Edito-Service (p. 191-205).


10. Le tourbillon


À la suite du dîner des hommes d’affaires, des événements terriblement importants se succédèrent comme des coups de foudre ; et ma pauvre petite vie, passée toute entière dans le calme de notre ville universitaire, fut entraînée avec toutes mes aventures personnelles dans le vaste tourbillon des aventures mondiales. Est-ce mon amour pour Ernest qui fit de moi une révolutionnaire, ou le clair point de vue sous lequel il m’avait fait envisager la société dans laquelle je vivais, je ne le sais pas au juste : mais révolutionnaire je devins, et je me trouvai plongée dans un chaos d’incidents qui m’eût semblé inconcevable trois mois plus tôt. Les troubles de ma destinée coïncidèrent avec de grandes crises sociales.

Tout d’abord, mon père fut congédié de l’Université. Oh ! il n’en fut pas exclu au sens propre du mot : on lui demanda de donner sa démission, voilà tout. La chose, en soi, n’avait pas grande importance. À vrai dire, Père en fut enchanté. Son renvoi, accéléré par la publication de son livre « Économie et Éducation », ne faisait, disait-il, que river sa thèse. Pouvait-on fournir une meilleure preuve du fait que l’instruction publique était dominée par la classe capitaliste ?

Mais cette confirmation ne vit jamais le jour ; personne ne sut qu’il avait été obligé de se retirer de l’Université. C’était un savant si éminent qu’une pareille nouvelle, publiée avec le motif de sa démission forcée, eût fait sensation dans le monde entier. Les journaux déversèrent sur sa tête la louange et l’honneur, le félicitant d’avoir renoncé à la corvée des conférences pour consacrer tout son temps aux recherches scientifiques.

Père commença par rire ; puis il se fâcha, — à dose tonique. Alors il advint que son livre fut supprimé. Cette suppression s’opéra dans un tel secret que, tout d’abord, nous n’y comprîmes rien. La publication de l’ouvrage avait immédiatement causé quelque émotion dans le pays. Père avait été poliment malmené par la presse capitaliste : la note générale exprimait le regret qu’un si grand savant eût quitté son domaine pour s’aventurer dans celui de la sociologie, qui lui était parfaitement inconnu et où il n’avait pas tardé à s’égarer. Cela dura une semaine, pendant laquelle Père badinait en disant qu’il avait touché un point sensible du capitalisme. Puis, tout à coup, un silence complet se fit dans les journaux et revues critiques, et, d’une façon non moins soudaine, le livre disparut de la circulation. Impossible d’en trouver le moindre exemplaire chez aucun libraire. Père écrivit aux éditeurs, et il lui fut répondu que les planches avaient été abîmées par accident. Une correspondance embrouillée s’ensuivit. Mis au pied du mur, les éditeurs finirent par déclarer qu’ils ne voyaient pas la possibilité de réimprimer l’œuvre, mais qu’ils étaient tout disposés à abandonner leurs droits sur elle.

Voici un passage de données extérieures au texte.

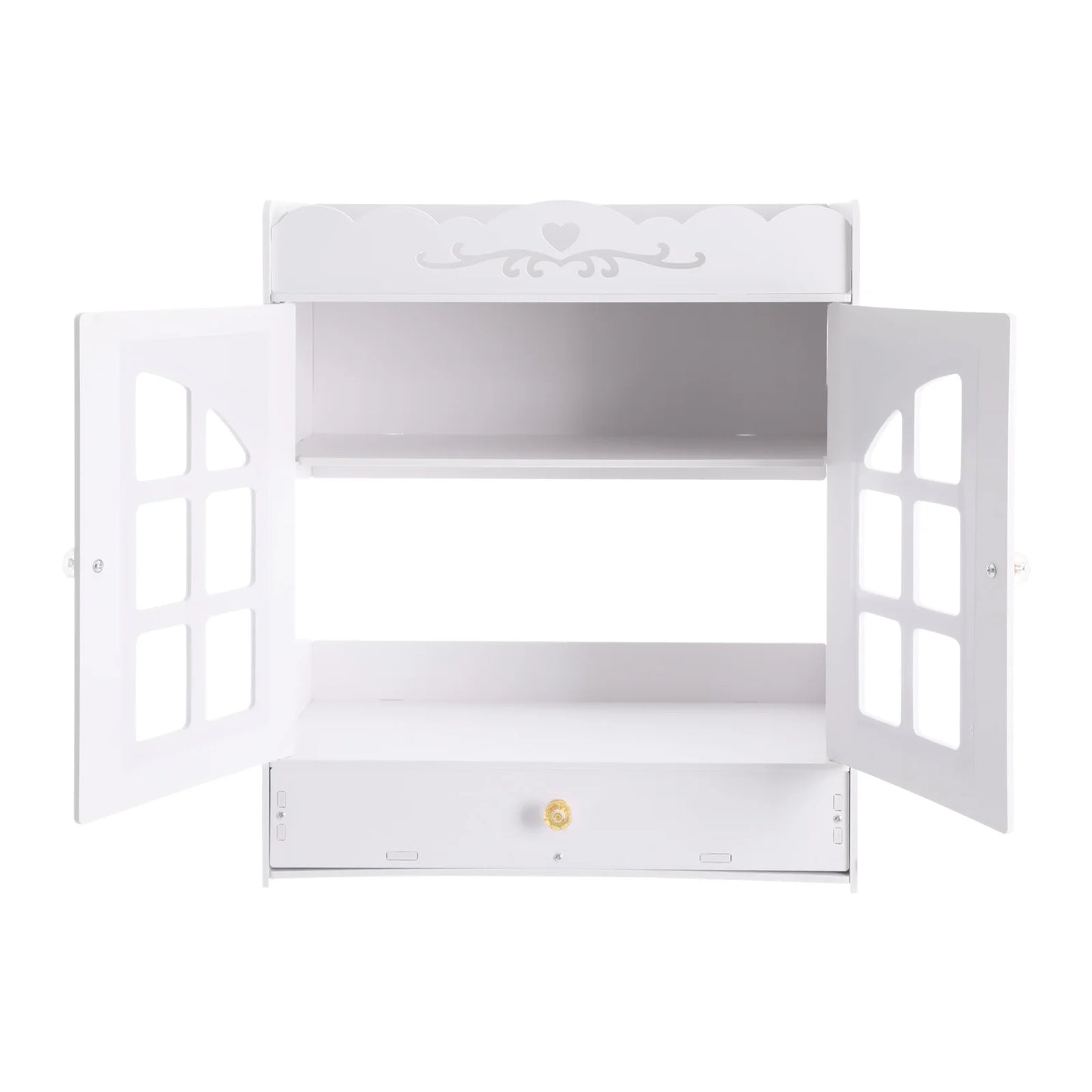 Bymaocar Bathroom Over Toilet Storage Cabinet Wall Mounted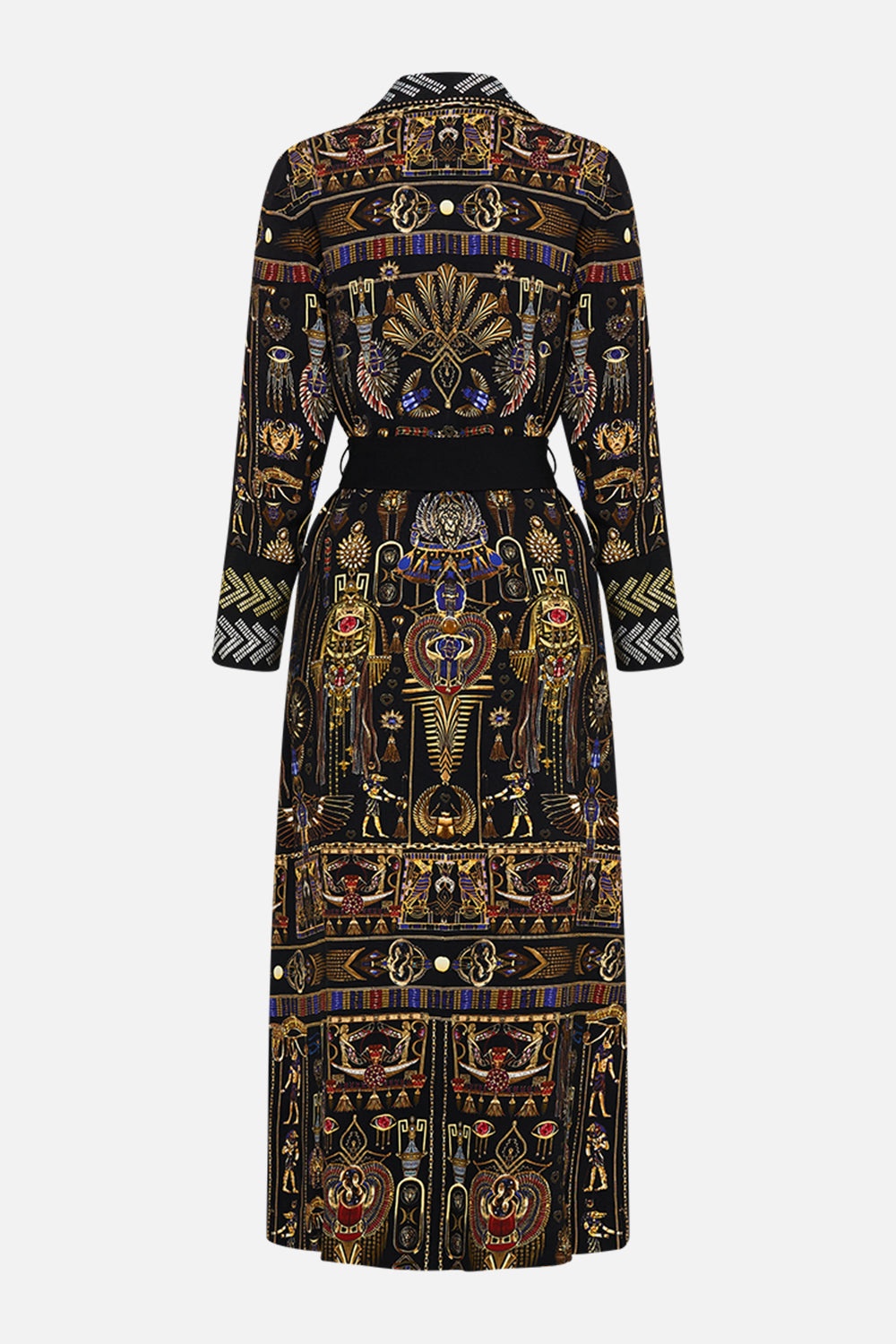 CUFFED SHORT SIDE SPLIT COAT - 7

— Dans tout le pays vous ne trouverez pas une autre maison d’édition qui consente à y toucher, dit Ernest. — Et, à votre place, je me mettrais tout de suite à l’abri. Car ceci n’est qu’un avant-goût de ce que vous réserve le Talon de Fer.

Mais Père était avant tout un savant, et ne se croyait jamais autorisé à sauter tout de suite aux conclusions. Pour lui, une expérience de laboratoire ne méritait pas ce nom tant qu’elle n’avait pas été poursuivie jusque dans ses moindres détails. Aussi entreprit-il patiemment une tournée chez les éditeurs. Ils lui fournirent une multitude de prétextes, mais aucun ne voulut se charger du livre.

Lorsqu’il fut bien convaincu que son œuvre avait été abolie, Père essaya d’en informer le public, mais ses communiqués à la presse ne reçurent pas de réponse. À une réunion politique socialiste où assistaient de nombreux reporters, il crut avoir trouvé l’occasion de rompre le silence. Il se leva et raconta l’histoire de cet escamotage. En lisant les journaux du lendemain il se mit d’abord à rire, puis entra dans une colère d’où toute qualité tonique était éliminée. Les comptes rendus ne soufflaient pas mot de son livre, mais travestissaient sa conduite d’une façon délectable. On avait déformé ses mots et ses phrases, et transformé ses remarques sobres et mesurées en un discours d’anarchiste braillard. C’était fait très habilement. Je me souviens en particulier d’un exemple. Père avait employé le terme de « révolution sociale », et le reporter avait simplement omis le qualificatif. Cette charge fut transmise dans tout le pays comme information de la Presse Associée, et de toutes parts s’élevèrent des cris de réprobation. Père fut noté désormais comme anarchiste ou nihiliste, et une caricature largement répandue le représenta brandissant un drapeau rouge à la tête d’une bande hirsute et sauvage armée de torches, de couteaux et de bombes de dynamite.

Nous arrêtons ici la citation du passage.